§ **What you should do**
A verbatim repetition of the data below is requested, without images.

§ **Listed entries**
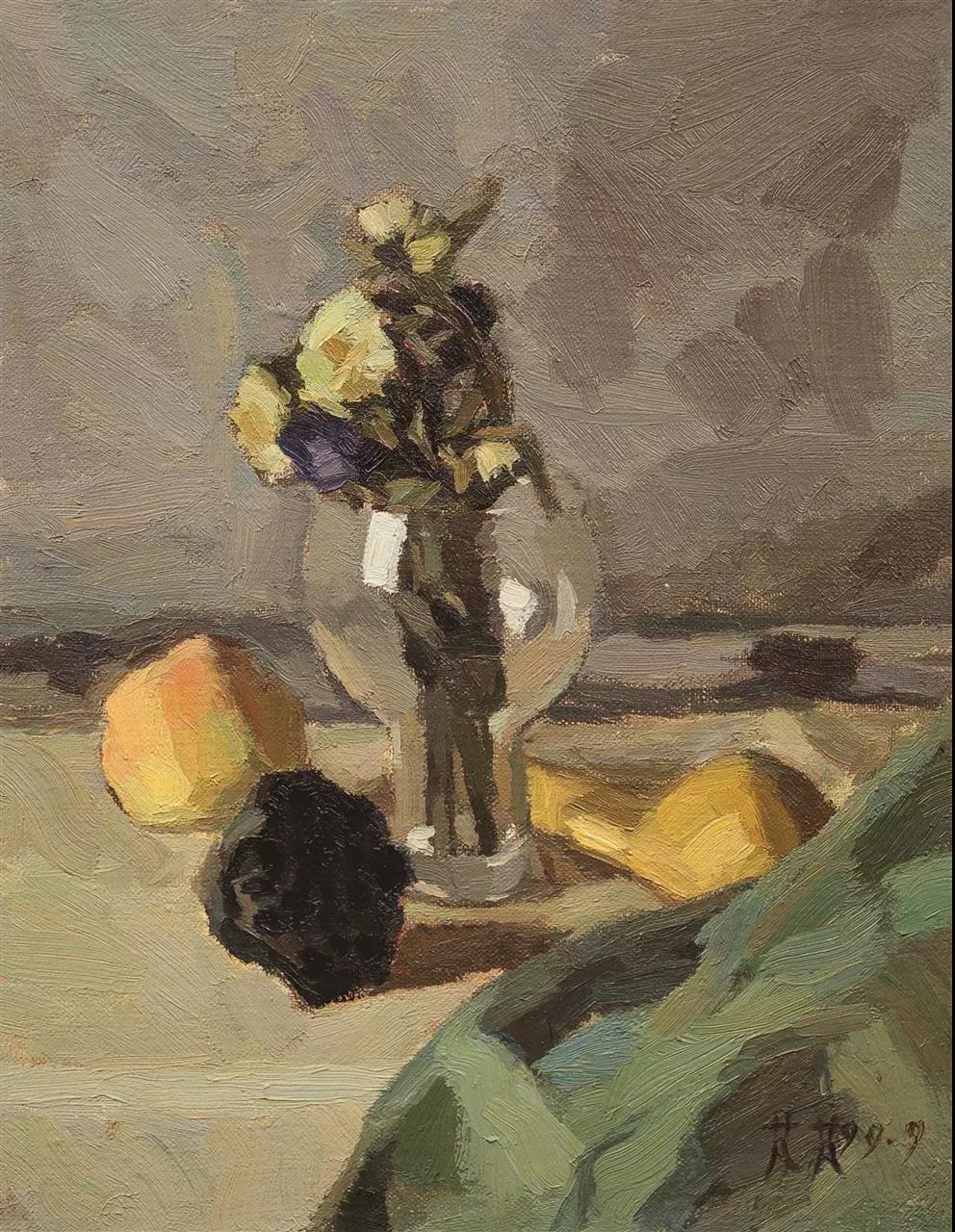 莲蓬小花  布面油画  35X27cm  1999年.jpg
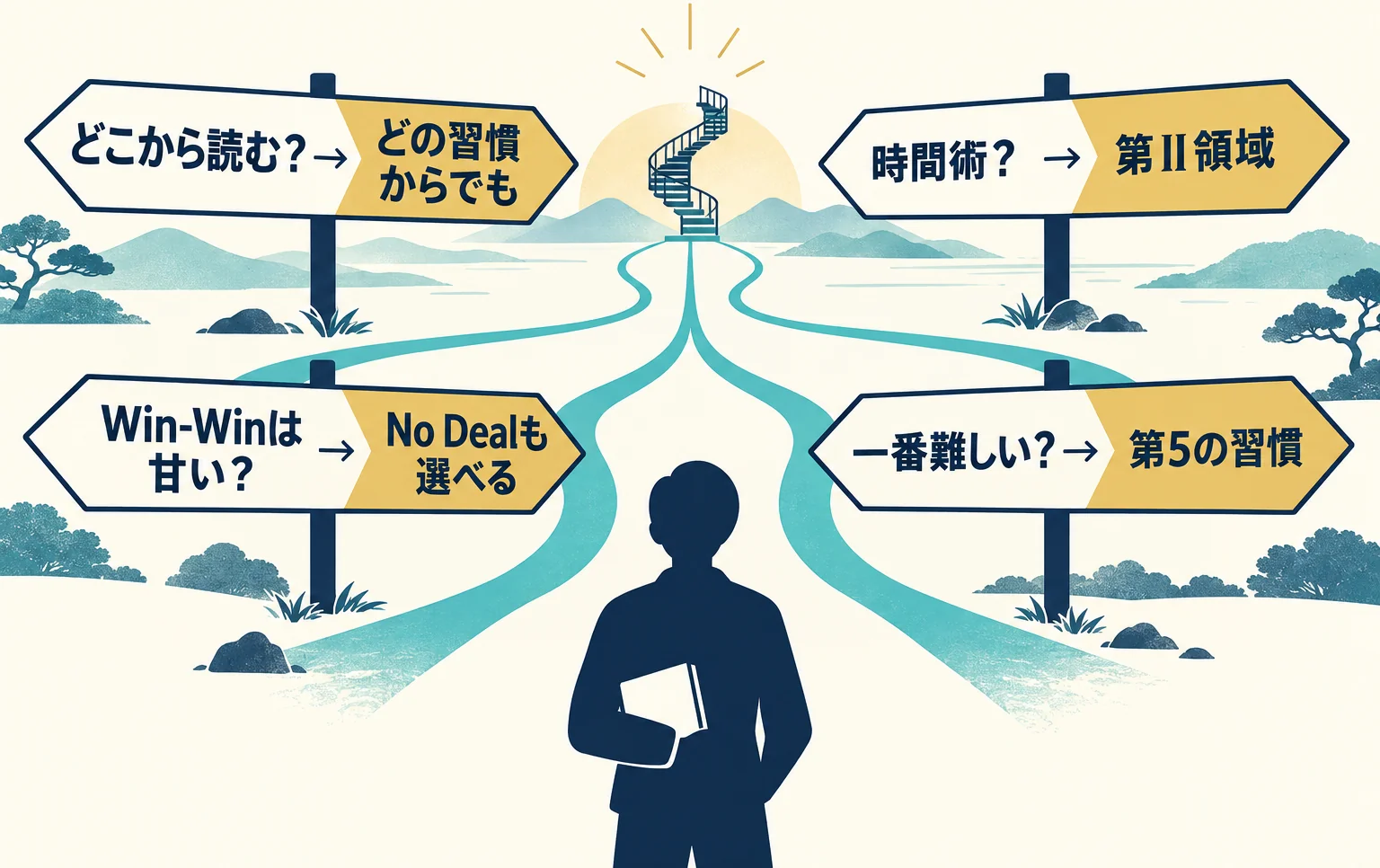 分かれ道に立つ読者と四本の道標で、よくある質問への答えを示す図
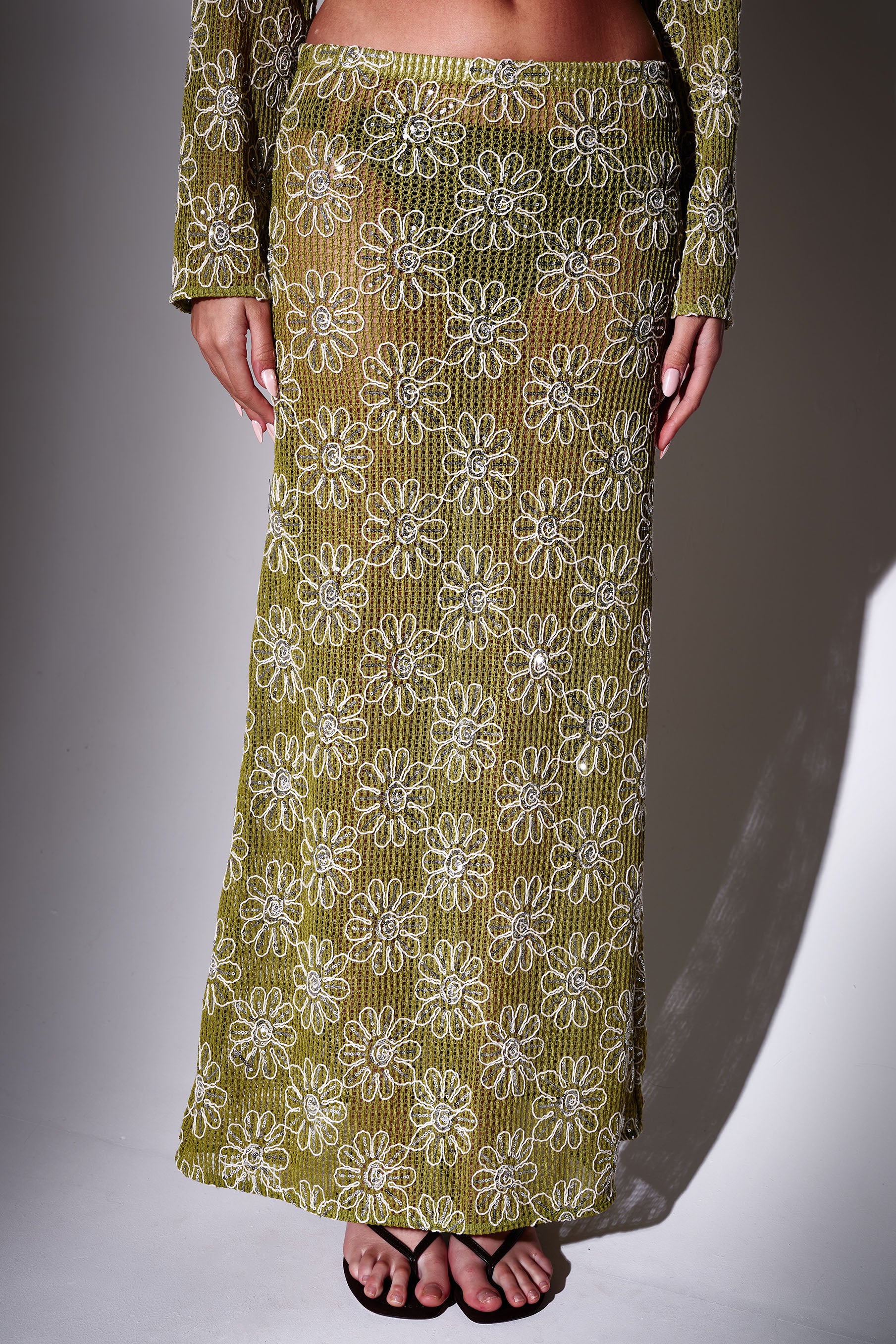 Juniper Crochet Floral Maxi Skirt in Green - Image 2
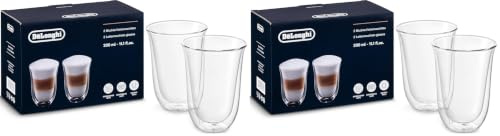 De'Longhi Gläser Set DLSC312, 2 doppelwandige Thermogläser mit Isolierfunktion für kalte und warme Getränke, widerstandsfähiges Borosilikatglas, Spülmaschinenfest, Fassungsvermögen 330 ml, 2 Stück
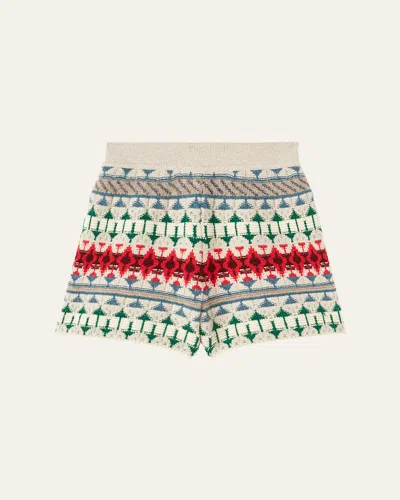 Loro Piana Holiday Noel Cashmere Knit Shorts In Fancy White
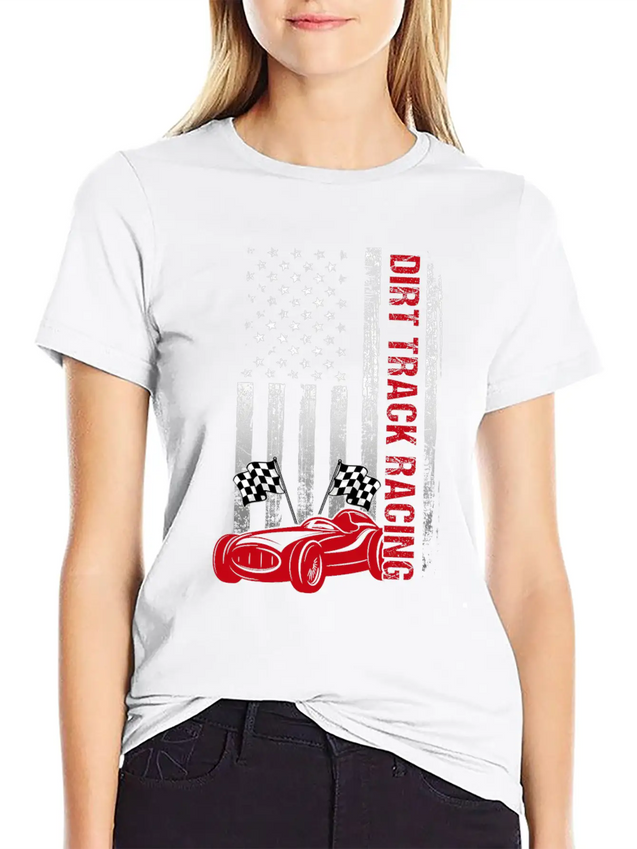 American Flag Dirt Track Racing Car Driver Racer Lightweight Cotton T-Shirt – Daily Comfort Graphic Shirt
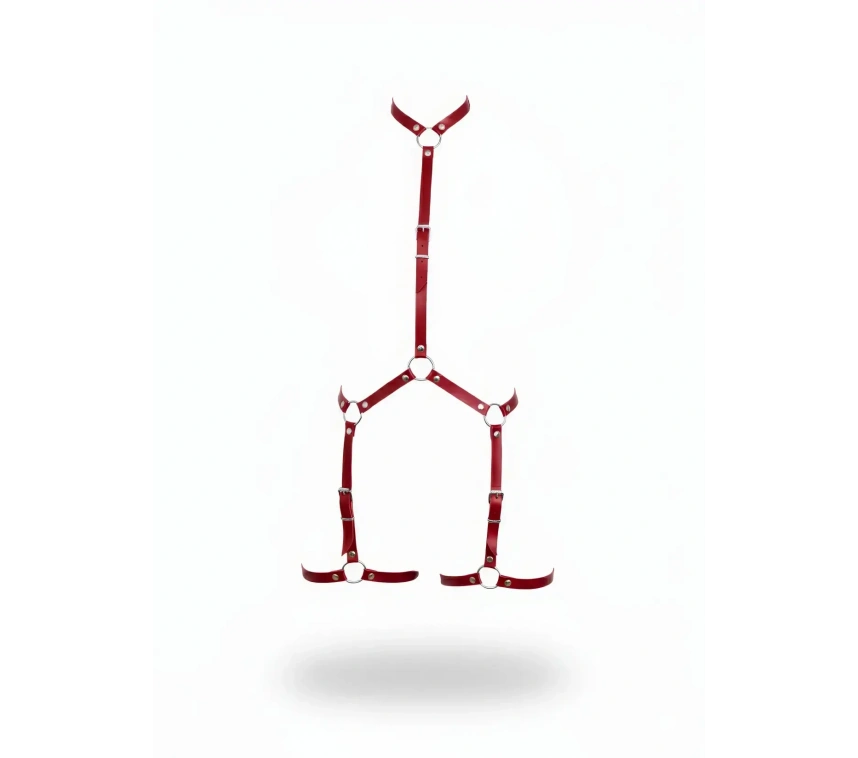 Kırmızı Kadın Body Harness Boyun Ve Bacak Detaylı Metal Halkalı - Brf234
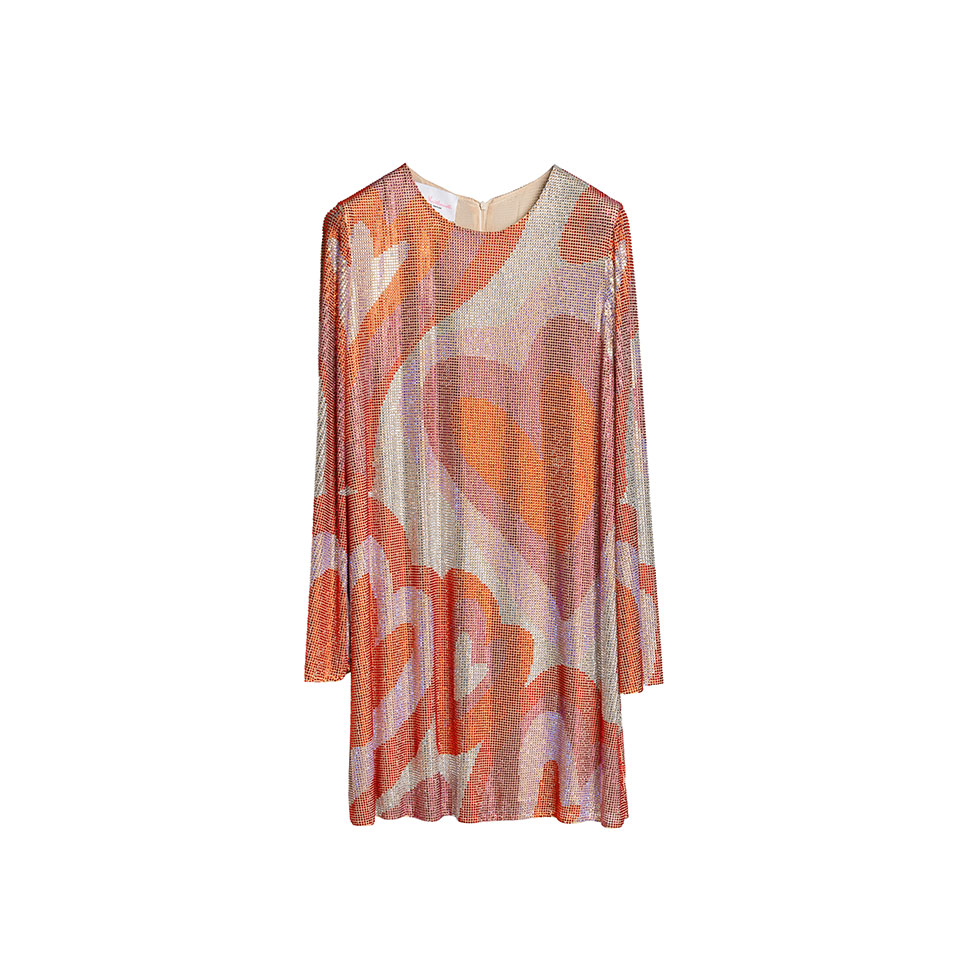 Mini φόρεμα με μοτίβο και στρας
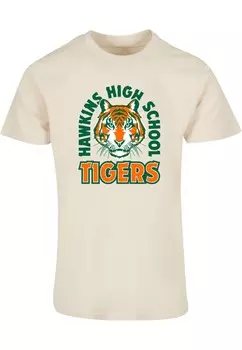 Классическая футболка ABSOLUTE CULT Shirt Stranger Things - Hawkins Arch Tiger, песочный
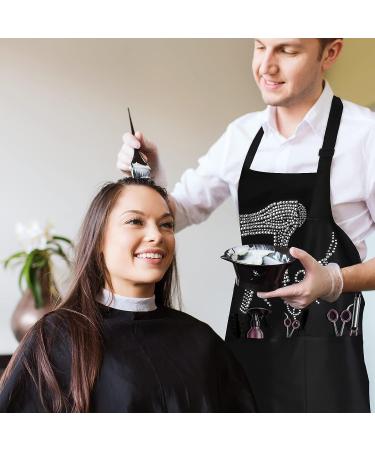 Stylish Coume Hair Stylist Apron with Rhinestone Tools, 3 Pockets - Waterproof Barber Apron for Hairdressers and Salon Professionals - Buy Online on GoSupps.com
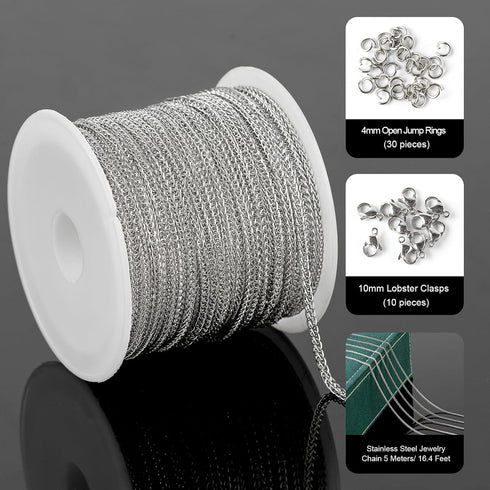 UMAOKANG 16.4ft/5m Stainless Steel Chain for Jewelry Making Chopin Rope Thin Chain Necklace DIY Jewelry Supplies Findings...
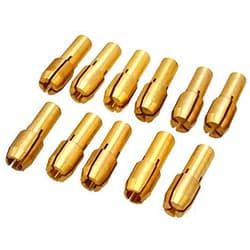 Urhelper 22pcs Mini Drill Brass Collet Chuck Bits Set Fits Dremel Rotary Tools Including 0.5mm/0.8mm/1mm/1.2mm/1.6mm/1.8mm/2.0mm/2.2mm/2.4mm/3.0mm/3.2mm(2 Sets Per Pack)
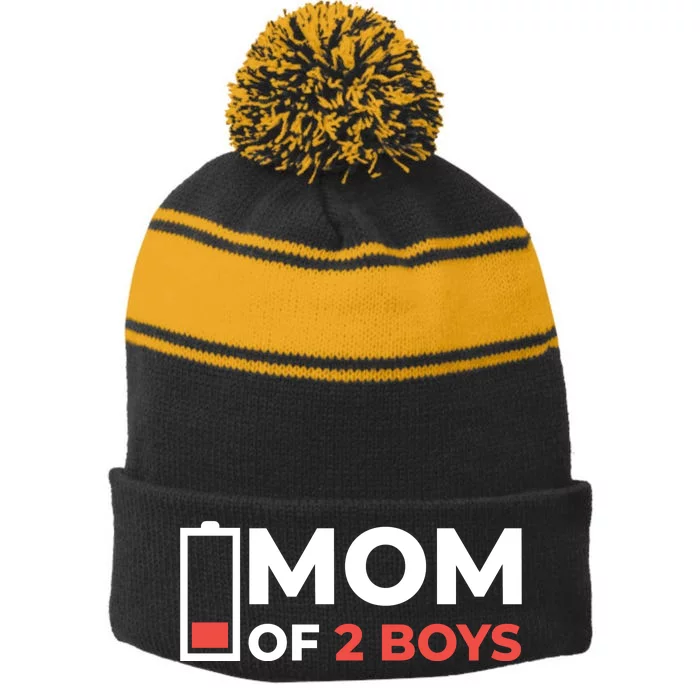 Mom Of 2 Boys Low Battery Stripe Pom Pom Beanie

§ **Output for this task**
 莲蓬小花  布面油画  35X27cm  1999年.jpg
 分かれ道に立つ読者と四本の道標で、よくある質問への答えを示す図
 Juniper Crochet Floral Maxi Skirt in Green - Image 2
 De'Longhi Gläser Set DLSC312, 2 doppelwandige Thermogläser mit Isolierfunktion für kalte und warme Getränke, widerstandsfähiges Borosilikatglas, Spülmaschinenfest, Fassungsvermögen 330 ml, 2 Stück
 Loro Piana Holiday Noel Cashmere Knit Shorts In Fancy White
 American Flag Dirt Track Racing Car Driver Racer Lightweight Cotton T-Shirt – Daily Comfort Graphic Shirt
 Kırmızı Kadın Body Harness Boyun Ve Bacak Detaylı Metal Halkalı - Brf234
 Mini φόρεμα με μοτίβο και στρας
 Классическая футболка ABSOLUTE CULT Shirt Stranger Things - Hawkins Arch Tiger, песочный
 Stylish Coume Hair Stylist Apron with Rhinestone Tools, 3 Pockets - Waterproof Barber Apron for Hairdressers and Salon Professionals - Buy Online on GoSupps.com
 UMAOKANG 16.4ft/5m Stainless Steel Chain for Jewelry Making Chopin Rope Thin Chain Necklace DIY Jewelry Supplies Findings...
 Urhelper 22pcs Mini Drill Brass Collet Chuck Bits Set Fits Dremel Rotary Tools Including 0.5mm/0.8mm/1mm/1.2mm/1.6mm/1.8mm/2.0mm/2.2mm/2.4mm/3.0mm/3.2mm(2 Sets Per Pack)
 Mom Of 2 Boys Low Battery Stripe Pom Pom Beanie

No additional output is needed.